Diabetes > Signal Transduction

Christian Müller (PhD-Student)

Diabetes is a disease where the regulation of the blood glucose level is disturbed. Diabetes Mellitus patients often suffer from high blood pressure and other side effects of atherosclerosis, which often takes a deadly course. In contrast to Type I Diabetes a Type II Diabetes mellitus patient's blood contains a lot more insulin when compared to a healthy person. But due to an insulin resistance the hormone is unable or just slightly able to activate the necessary signalling pathways in the target tissues of liver, muscle and fat, for the blood sugar's reduction.

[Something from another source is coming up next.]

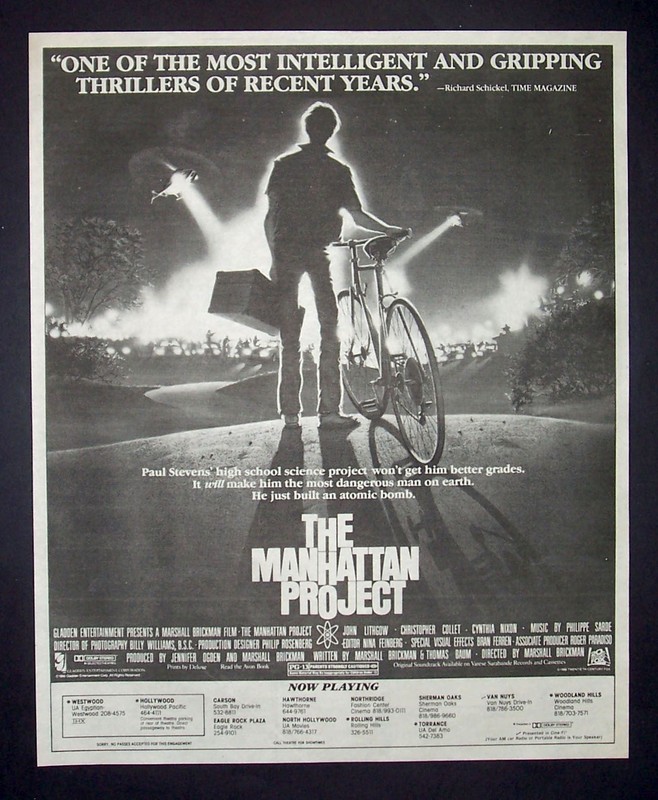 The Manhattan Project (Marshall Brickman) 1986 Poster Type Movie Ad, Advert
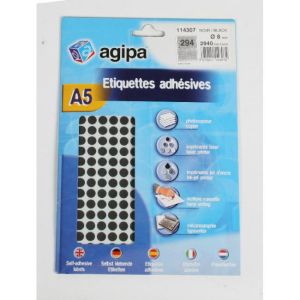 Etichete rotunde 8mm Agipa A5 negre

For the successful reduction of blood sugar primarily three signalling pathways are important, which are all initiated due to ligand binding at the insulin receptor. Activation of Phospholipase C, in all cells but neurons, for instance leads to the activation of Phosphofructokinase, which drives the consumption of glucose in the glycolysis. Insulin binding to its receptor via a MAPKinase cascade, incorporating ERK1/2, brings about the activation of Glycogen Synthase, which facilitates the conversion of glucose to glycogen in liver cells. Finally the Insulin Receptor dependent activation of Phosphatidylinositol-3-kinase leads, via Protein Kinase B, to the integration of GLUT4 glucose transporters in the membranes of muscle and fat cells, which highly increases glucose uptake.

Here the pathogenesis of Diabetes mellitus Type II and Atherosclerosis shall be further elucidated via detection of changes of the activity of single members of the above mentioned signalling cascades in adult stem cells, in order to enable the development of therapies in the future.